Transforming Dogs on the Line: On the Fréchet Distance Under Translation or Scaling in 1D
Lotte Blank, Jacobus Conradi, Anne Driemel, Benedikt Kolbe, André Nusser, Marena Richter
TL;DR
This work establishes 1D algorithms for the continuous Fréchet distance under translation and scaling, achieving $\mathcal{O}(n^{8/3} \log^3 n)$ time—matching discrete-case bounds and surpassing prior $\tilde{\mathcal{O}}(n^4)$ guarantees. A novel 1D framework based on $\delta$-signatures, extended signatures, and deadlocks reduces the continuous problems to discrete-like reachability problems via a modified free-space matrix and offline dynamic grid reachability. The approach systematically handles degeneracies with symbolic perturbation and leverages parametric search to obtain optimization results, providing tight 1D bounds and a blueprint for applying offline dynamic data structures to continuous geometric problems. Overall, the results close the gap between discrete and continuous Fréchet distance under translations or scaling in 1D and introduce techniques that may extend to related 1D transformation-invariant distance problems with similar structure.
Abstract
The Fréchet distance is a computational mainstay for comparing polygonal curves. The Fréchet distance under translation, which is a translation invariant version, considers the similarity of two curves independent of their location in space.

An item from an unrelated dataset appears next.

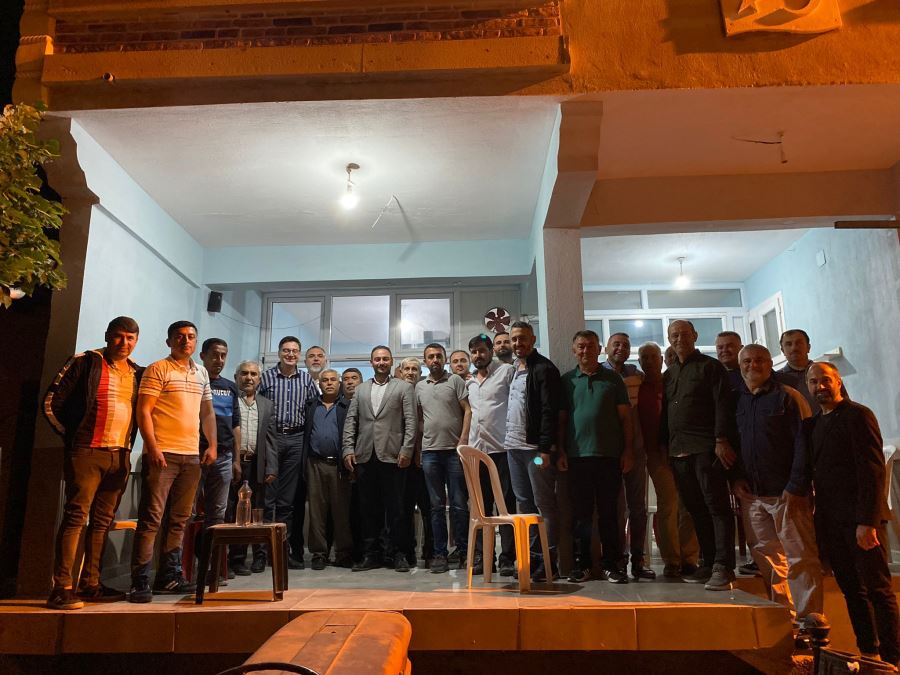 Ak Parti Akhisar 2. Tur seçim startını verdi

It is defined as the minimum Fréchet distance that arises from allowing arbitrary translations of the input curves. This problem and numerous variants of the Fréchet distance under some transformations have been studied, with more work concentrating on the discrete Fréchet distance, leaving a significant gap between the discrete and continuous versions of the Fréchet distance under transformations. Our contribution is twofold: First, we present an algorithm for the Fréchet distance under translation on 1-dimensional curves of complexity n with a running time of $\mathcal{O}(n^{8/3} log^3 n)$. To achieve this, we develop a novel framework for the problem for 1-dimensional curves, which also applies to other scenarios and leads to our second contribution. We present an algorithm with the same running time of $\mathcal{O}(n^{8/3} \log^3 n)$ for the Fréchet distance under scaling for 1-dimensional curves. For both algorithms we match the running times of the discrete case and improve the previously best known bounds of $\tilde{\mathcal{O}}(n^4)$. Our algorithms rely on technical insights but are conceptually simple, essentially reducing the continuous problem to the discrete case across different length scales.